It’s autumn — the leaves are falling, the days are shorter, and it’s time to pull on our sweaters.
Almost all of us probably remember when “Sweater Weather” by the Neighbourhood came out in 2012; it was a simpler time. Since then, The Neighbourhood has come out with three full-length albums. Their most recent, self-titled, was released this past March.
It’s full of the same slow beats and calm tones as the band’s first album, “I Love You”. The lead single of the album, “Scary Love”, has a slightly darker feel than something like “Sweater Weather”, with lyrics focusing on not being good enough for the one you care about.
The whole album creates this feeling — sad lyrics that emote a cold day at the beach. In a way, “The Neighbourhood” is a coming-of-age album: it’s about everything that comes from growing up that doesn’t have the feel-good message that most movies and tv shows try to portray.
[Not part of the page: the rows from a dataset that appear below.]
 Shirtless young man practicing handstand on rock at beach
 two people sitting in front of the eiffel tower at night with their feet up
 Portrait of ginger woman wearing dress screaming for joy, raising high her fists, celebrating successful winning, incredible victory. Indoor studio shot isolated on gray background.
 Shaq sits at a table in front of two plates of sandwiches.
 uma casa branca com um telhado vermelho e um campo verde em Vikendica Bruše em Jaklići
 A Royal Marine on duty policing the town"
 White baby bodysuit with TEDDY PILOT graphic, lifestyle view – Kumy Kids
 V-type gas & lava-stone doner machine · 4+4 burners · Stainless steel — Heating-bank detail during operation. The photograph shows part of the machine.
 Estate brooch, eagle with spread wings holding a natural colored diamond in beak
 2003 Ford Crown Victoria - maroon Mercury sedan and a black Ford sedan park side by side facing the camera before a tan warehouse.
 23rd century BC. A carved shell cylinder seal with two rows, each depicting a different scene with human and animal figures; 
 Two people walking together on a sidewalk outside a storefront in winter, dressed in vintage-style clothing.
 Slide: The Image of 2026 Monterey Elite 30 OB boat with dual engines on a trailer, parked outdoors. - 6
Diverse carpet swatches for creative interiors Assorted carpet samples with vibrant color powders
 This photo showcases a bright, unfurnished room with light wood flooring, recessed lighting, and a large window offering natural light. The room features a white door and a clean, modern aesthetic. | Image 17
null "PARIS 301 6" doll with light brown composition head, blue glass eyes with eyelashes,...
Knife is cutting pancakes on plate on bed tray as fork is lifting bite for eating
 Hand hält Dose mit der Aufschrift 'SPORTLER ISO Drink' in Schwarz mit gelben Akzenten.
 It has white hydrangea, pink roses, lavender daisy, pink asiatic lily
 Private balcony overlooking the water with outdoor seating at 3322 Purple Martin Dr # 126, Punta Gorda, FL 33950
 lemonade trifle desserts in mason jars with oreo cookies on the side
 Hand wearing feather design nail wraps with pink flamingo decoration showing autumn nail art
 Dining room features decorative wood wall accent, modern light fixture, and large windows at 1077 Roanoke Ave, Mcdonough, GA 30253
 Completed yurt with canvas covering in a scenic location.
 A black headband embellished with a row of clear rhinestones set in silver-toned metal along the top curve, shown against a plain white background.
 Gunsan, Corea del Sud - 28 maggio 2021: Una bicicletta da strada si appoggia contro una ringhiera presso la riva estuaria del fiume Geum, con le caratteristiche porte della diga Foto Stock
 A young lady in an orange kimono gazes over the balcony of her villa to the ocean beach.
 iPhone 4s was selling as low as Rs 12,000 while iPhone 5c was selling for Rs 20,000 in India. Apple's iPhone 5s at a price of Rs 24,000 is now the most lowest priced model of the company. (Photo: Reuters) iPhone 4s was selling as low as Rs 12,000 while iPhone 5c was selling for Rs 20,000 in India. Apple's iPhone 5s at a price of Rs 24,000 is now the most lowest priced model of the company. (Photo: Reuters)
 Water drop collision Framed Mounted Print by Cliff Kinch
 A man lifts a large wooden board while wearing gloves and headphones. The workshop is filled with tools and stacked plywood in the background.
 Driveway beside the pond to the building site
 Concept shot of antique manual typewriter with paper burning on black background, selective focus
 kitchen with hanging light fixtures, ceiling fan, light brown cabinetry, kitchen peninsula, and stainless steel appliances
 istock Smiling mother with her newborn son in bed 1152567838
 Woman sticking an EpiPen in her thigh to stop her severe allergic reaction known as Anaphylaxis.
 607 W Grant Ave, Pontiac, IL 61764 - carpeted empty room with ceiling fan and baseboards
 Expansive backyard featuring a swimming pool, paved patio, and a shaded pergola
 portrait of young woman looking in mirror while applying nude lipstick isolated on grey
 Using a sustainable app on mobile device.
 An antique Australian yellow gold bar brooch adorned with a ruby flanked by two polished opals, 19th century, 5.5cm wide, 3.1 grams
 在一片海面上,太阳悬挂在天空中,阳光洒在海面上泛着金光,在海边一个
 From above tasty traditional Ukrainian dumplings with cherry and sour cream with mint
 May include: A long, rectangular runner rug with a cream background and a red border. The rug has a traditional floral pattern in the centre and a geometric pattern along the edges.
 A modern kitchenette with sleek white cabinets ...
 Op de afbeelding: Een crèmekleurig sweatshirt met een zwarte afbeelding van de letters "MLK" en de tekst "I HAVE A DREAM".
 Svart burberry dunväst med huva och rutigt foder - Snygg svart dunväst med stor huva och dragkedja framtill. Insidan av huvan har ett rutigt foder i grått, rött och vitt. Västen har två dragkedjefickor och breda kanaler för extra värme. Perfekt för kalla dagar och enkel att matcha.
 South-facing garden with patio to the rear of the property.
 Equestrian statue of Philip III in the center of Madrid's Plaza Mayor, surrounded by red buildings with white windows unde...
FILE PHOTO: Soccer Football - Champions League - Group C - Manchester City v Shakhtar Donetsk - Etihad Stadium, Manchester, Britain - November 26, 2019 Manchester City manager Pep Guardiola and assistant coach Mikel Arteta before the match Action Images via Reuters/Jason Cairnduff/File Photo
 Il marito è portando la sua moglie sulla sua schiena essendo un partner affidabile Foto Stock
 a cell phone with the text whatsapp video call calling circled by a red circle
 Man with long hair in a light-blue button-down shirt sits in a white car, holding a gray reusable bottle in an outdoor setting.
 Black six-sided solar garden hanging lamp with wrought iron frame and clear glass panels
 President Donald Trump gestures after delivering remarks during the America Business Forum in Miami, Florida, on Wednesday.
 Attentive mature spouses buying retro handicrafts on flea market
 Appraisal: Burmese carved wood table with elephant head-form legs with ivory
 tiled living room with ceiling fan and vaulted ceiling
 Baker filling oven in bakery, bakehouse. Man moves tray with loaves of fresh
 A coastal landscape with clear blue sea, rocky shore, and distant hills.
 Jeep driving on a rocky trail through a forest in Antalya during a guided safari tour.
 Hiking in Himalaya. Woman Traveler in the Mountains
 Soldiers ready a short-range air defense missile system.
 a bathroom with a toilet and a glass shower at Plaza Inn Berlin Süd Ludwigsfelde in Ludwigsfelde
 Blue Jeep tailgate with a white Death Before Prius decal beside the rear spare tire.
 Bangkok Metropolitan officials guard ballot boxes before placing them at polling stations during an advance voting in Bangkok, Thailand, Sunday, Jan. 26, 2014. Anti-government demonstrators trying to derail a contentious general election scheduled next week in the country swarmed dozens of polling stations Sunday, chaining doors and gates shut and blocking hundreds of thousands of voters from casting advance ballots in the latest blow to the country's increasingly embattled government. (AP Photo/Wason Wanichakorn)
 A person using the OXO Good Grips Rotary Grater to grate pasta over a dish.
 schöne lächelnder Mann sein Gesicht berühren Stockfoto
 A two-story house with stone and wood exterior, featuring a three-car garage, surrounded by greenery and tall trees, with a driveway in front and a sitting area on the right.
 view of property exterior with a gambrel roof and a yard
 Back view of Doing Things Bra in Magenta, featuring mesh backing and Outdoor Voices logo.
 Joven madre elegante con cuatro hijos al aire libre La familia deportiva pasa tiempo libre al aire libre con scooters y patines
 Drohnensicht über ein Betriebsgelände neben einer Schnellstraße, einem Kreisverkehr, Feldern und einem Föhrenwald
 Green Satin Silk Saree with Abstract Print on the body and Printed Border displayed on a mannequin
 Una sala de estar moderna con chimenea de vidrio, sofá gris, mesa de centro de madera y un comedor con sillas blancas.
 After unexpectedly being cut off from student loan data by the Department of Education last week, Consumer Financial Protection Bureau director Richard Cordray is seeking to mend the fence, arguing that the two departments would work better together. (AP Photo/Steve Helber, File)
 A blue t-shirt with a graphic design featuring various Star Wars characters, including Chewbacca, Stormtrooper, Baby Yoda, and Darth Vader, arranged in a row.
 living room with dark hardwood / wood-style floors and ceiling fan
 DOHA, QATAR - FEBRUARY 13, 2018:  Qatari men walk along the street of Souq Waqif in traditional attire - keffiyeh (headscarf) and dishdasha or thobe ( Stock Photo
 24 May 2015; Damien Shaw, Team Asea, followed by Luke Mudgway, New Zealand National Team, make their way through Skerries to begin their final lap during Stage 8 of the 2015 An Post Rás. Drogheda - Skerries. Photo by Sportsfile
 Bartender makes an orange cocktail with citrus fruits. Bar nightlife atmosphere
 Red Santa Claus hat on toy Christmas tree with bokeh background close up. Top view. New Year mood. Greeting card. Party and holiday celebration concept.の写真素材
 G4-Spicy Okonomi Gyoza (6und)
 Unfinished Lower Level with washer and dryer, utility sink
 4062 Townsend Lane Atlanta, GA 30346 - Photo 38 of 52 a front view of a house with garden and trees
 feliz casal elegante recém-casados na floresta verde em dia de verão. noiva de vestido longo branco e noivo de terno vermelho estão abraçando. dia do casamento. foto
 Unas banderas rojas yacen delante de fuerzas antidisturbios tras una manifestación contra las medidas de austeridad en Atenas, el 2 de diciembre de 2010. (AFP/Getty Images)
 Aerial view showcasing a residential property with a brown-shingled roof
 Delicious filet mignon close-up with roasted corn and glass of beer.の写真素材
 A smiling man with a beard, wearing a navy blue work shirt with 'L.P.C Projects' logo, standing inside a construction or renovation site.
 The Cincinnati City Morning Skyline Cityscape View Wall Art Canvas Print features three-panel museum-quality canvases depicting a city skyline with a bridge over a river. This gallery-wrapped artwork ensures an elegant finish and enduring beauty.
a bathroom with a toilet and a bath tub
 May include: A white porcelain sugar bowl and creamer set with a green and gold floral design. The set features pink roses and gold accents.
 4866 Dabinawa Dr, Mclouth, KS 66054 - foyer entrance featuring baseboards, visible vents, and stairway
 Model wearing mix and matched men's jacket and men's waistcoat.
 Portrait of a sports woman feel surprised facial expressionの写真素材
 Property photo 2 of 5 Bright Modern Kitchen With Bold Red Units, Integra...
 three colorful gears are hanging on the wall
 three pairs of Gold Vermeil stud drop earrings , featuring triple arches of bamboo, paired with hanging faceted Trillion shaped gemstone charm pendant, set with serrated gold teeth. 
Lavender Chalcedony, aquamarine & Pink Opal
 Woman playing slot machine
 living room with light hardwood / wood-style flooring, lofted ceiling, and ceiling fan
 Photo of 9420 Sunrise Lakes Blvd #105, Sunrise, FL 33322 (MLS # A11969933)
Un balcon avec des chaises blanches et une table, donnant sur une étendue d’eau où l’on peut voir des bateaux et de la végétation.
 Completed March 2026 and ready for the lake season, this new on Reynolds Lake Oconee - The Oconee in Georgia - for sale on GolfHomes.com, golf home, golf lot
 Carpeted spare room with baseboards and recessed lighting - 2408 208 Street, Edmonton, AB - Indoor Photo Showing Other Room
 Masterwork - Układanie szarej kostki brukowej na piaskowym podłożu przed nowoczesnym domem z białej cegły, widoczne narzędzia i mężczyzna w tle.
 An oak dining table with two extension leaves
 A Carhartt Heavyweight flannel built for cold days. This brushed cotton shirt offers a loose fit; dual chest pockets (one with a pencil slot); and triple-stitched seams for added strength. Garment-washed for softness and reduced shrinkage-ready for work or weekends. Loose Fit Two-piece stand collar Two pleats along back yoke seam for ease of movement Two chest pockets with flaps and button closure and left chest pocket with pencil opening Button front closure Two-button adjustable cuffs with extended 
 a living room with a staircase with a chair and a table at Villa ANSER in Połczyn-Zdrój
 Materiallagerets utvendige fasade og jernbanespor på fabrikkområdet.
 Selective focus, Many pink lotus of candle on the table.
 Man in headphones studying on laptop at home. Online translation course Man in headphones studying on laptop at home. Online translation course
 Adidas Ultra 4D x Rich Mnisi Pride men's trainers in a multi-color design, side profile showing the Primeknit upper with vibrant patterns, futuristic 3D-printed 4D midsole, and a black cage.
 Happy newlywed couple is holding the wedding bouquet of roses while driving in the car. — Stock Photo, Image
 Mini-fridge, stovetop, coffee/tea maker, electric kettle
It’s about what it can feel like on the inside, the loneliness, the change, and the adjustments. An example is “Nervous”, the third track off the album. In the first verse, lead singer Jesse Rutherford, sings “Last year I fell flat on my face/And last month I knew something should change/Last week I started over again,” with just enough emotion that you know he’s really felt it.
Much like “Nervous”, the album’s 10th track, “Reflections”, is also centred around looking back: “I tried to put it out for you to get/Could’ve, should’ve but you never did”. It’s a mix of something old and something new — the nostalgia that comes with moving forward.
For many, fall is a time of change; it’s full of looking back and looking forward. The Neighbouhood encompases this well in this record, and it’s something many of us may be able to relate to right now as we newly enter autumn.